Without changing a word, repeat the data, and include no pictures.

─── EXTRACTED ENTRIES ───

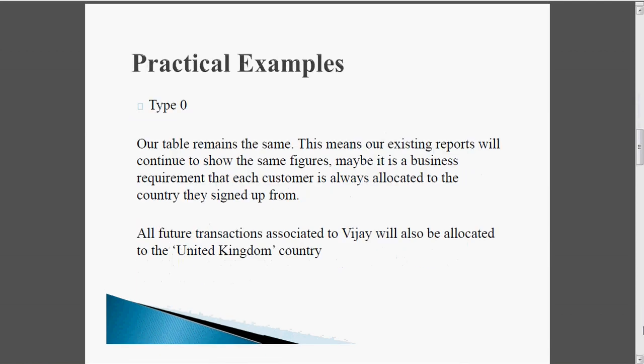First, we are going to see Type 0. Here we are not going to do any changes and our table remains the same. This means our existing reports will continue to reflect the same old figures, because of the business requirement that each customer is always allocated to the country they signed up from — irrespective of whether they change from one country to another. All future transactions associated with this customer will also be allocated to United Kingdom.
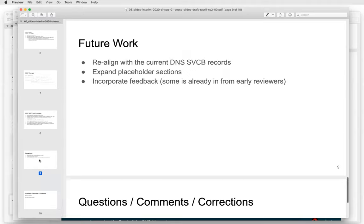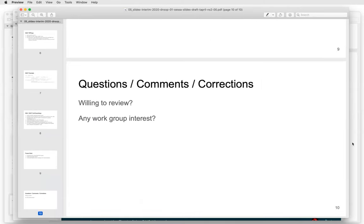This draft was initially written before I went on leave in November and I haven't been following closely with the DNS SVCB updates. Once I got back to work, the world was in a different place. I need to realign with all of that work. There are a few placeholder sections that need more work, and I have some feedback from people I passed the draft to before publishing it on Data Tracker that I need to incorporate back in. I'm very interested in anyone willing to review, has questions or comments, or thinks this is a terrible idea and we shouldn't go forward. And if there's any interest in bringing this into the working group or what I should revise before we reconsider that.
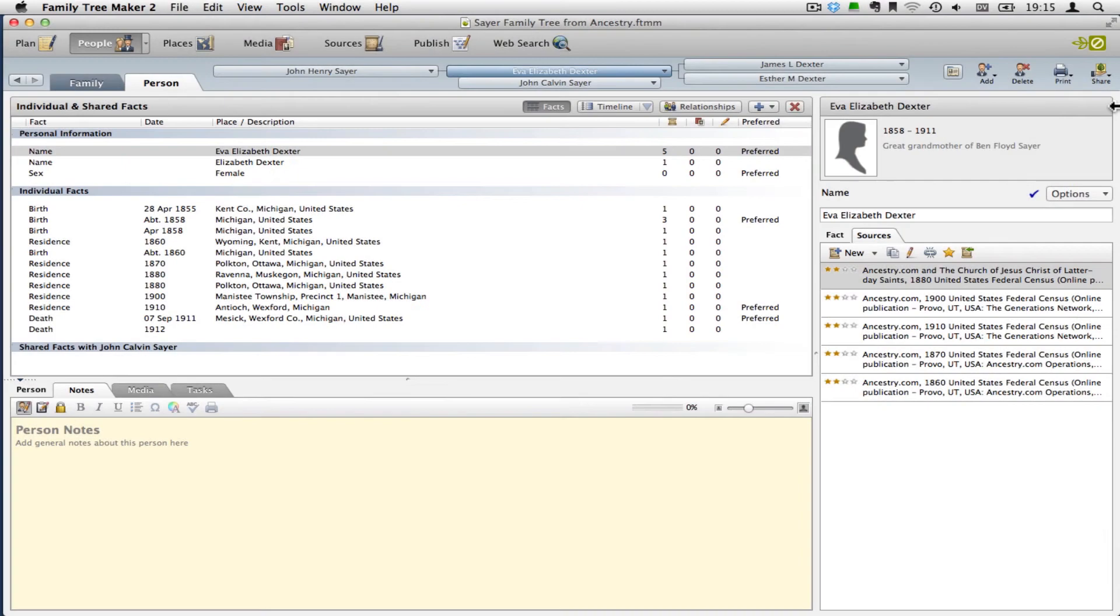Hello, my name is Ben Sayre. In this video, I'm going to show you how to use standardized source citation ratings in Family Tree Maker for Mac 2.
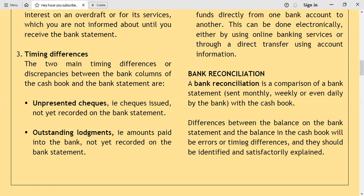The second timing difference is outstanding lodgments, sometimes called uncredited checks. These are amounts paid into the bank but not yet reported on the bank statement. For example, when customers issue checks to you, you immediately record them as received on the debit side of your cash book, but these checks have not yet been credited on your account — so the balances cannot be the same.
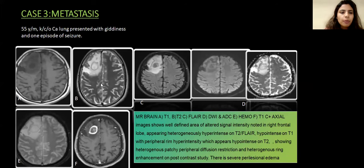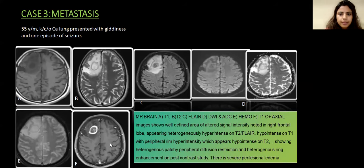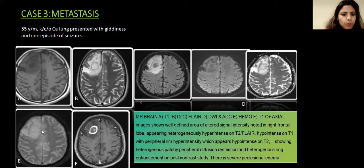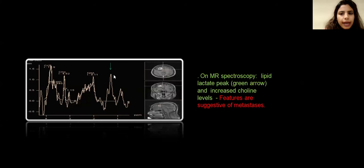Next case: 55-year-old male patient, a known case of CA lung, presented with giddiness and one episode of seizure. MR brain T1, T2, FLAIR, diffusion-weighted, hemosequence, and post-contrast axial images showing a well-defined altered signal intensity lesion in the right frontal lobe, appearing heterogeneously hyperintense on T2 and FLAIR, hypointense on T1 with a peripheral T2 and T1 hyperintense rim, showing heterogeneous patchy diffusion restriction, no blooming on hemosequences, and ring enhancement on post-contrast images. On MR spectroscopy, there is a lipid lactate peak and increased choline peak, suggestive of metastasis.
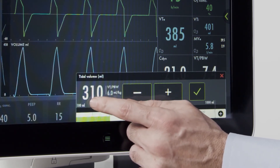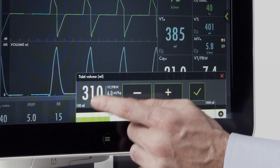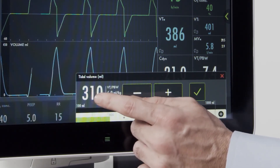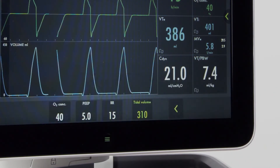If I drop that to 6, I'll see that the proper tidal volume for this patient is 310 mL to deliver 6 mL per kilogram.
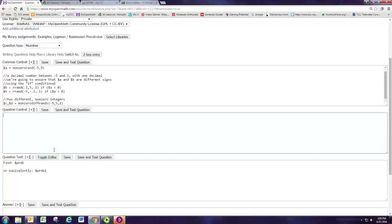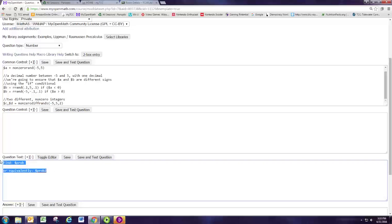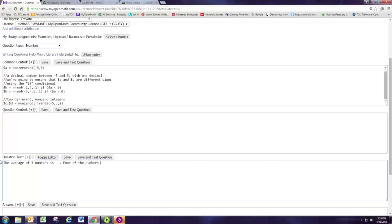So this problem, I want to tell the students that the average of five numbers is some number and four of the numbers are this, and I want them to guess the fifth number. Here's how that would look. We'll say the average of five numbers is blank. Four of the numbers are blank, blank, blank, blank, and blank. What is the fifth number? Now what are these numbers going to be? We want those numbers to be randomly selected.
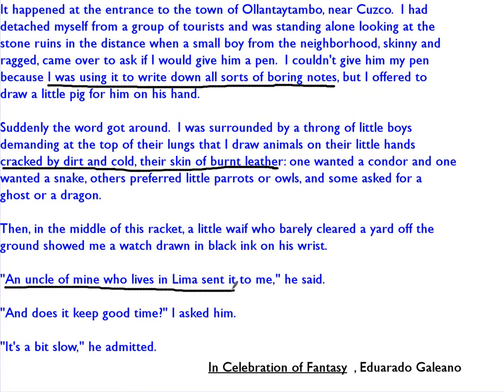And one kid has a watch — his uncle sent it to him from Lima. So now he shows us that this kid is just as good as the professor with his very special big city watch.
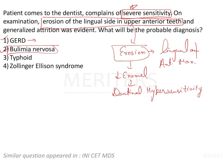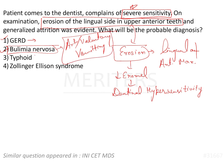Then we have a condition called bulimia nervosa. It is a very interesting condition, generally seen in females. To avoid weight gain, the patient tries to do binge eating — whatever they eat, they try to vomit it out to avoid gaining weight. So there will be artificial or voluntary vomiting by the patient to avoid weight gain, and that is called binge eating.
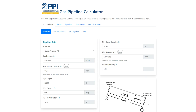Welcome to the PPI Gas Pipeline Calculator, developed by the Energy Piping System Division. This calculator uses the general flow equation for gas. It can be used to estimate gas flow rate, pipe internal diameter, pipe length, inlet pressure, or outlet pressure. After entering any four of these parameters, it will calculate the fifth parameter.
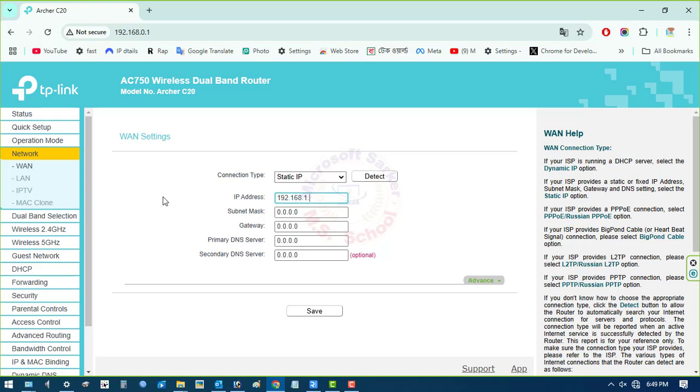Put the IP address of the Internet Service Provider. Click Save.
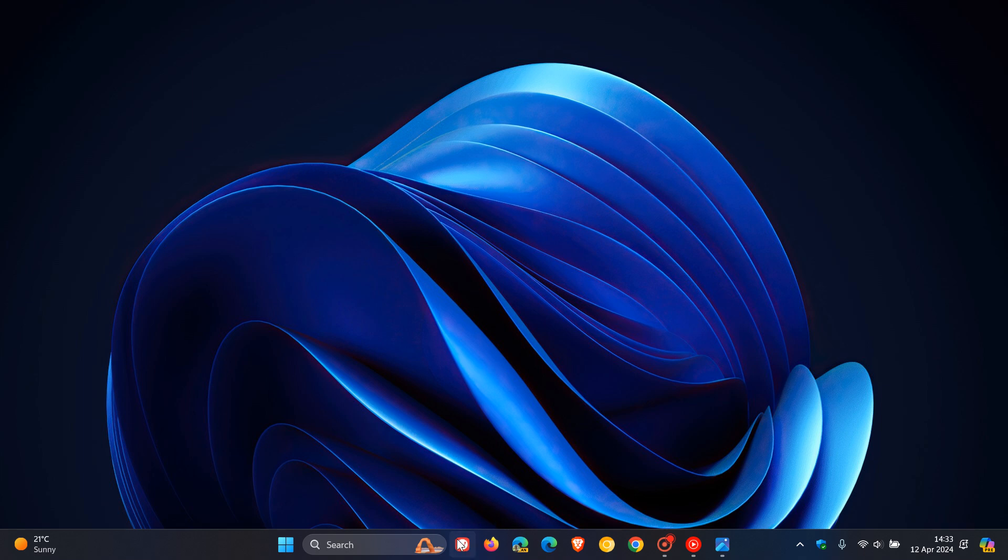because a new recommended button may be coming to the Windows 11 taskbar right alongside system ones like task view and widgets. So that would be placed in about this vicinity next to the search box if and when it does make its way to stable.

───

■ EXERCISE SOLUTION
First, we are going to see Type 0. Here we are not going to do any changes and our table remains the same. This means our existing reports will continue to reflect the same old figures, because of the business requirement that each customer is always allocated to the country they signed up from — irrespective of whether they change from one country to another. All future transactions associated with this customer will also be allocated to United Kingdom.
This draft was initially written before I went on leave in November and I haven't been following closely with the DNS SVCB updates. Once I got back to work, the world was in a different place. I need to realign with all of that work. There are a few placeholder sections that need more work, and I have some feedback from people I passed the draft to before publishing it on Data Tracker that I need to incorporate back in. I'm very interested in anyone willing to review, has questions or comments, or thinks this is a terrible idea and we shouldn't go forward. And if there's any interest in bringing this into the working group or what I should revise before we reconsider that.
Hello, my name is Ben Sayre. In this video, I'm going to show you how to use standardized source citation ratings in Family Tree Maker for Mac 2.
The second timing difference is outstanding lodgments, sometimes called uncredited checks. These are amounts paid into the bank but not yet reported on the bank statement. For example, when customers issue checks to you, you immediately record them as received on the debit side of your cash book, but these checks have not yet been credited on your account — so the balances cannot be the same.
Next case: 55-year-old male patient, a known case of CA lung, presented with giddiness and one episode of seizure. MR brain T1, T2, FLAIR, diffusion-weighted, hemosequence, and post-contrast axial images showing a well-defined altered signal intensity lesion in the right frontal lobe, appearing heterogeneously hyperintense on T2 and FLAIR, hypointense on T1 with a peripheral T2 and T1 hyperintense rim, showing heterogeneous patchy diffusion restriction, no blooming on hemosequences, and ring enhancement on post-contrast images. On MR spectroscopy, there is a lipid lactate peak and increased choline peak, suggestive of metastasis.
If I drop that to 6, I'll see that the proper tidal volume for this patient is 310 mL to deliver 6 mL per kilogram.
So this problem, I want to tell the students that the average of five numbers is some number and four of the numbers are this, and I want them to guess the fifth number. Here's how that would look. We'll say the average of five numbers is blank. Four of the numbers are blank, blank, blank, blank, and blank. What is the fifth number? Now what are these numbers going to be? We want those numbers to be randomly selected.
And one kid has a watch — his uncle sent it to him from Lima. So now he shows us that this kid is just as good as the professor with his very special big city watch.
Then we have a condition called bulimia nervosa. It is a very interesting condition, generally seen in females. To avoid weight gain, the patient tries to do binge eating — whatever they eat, they try to vomit it out to avoid gaining weight. So there will be artificial or voluntary vomiting by the patient to avoid weight gain, and that is called binge eating.
Welcome to the PPI Gas Pipeline Calculator, developed by the Energy Piping System Division. This calculator uses the general flow equation for gas. It can be used to estimate gas flow rate, pipe internal diameter, pipe length, inlet pressure, or outlet pressure. After entering any four of these parameters, it will calculate the fifth parameter.
Put the IP address of the Internet Service Provider. Click Save.
because a new recommended button may be coming to the Windows 11 taskbar right alongside system ones like task view and widgets. So that would be placed in about this vicinity next to the search box if and when it does make its way to stable.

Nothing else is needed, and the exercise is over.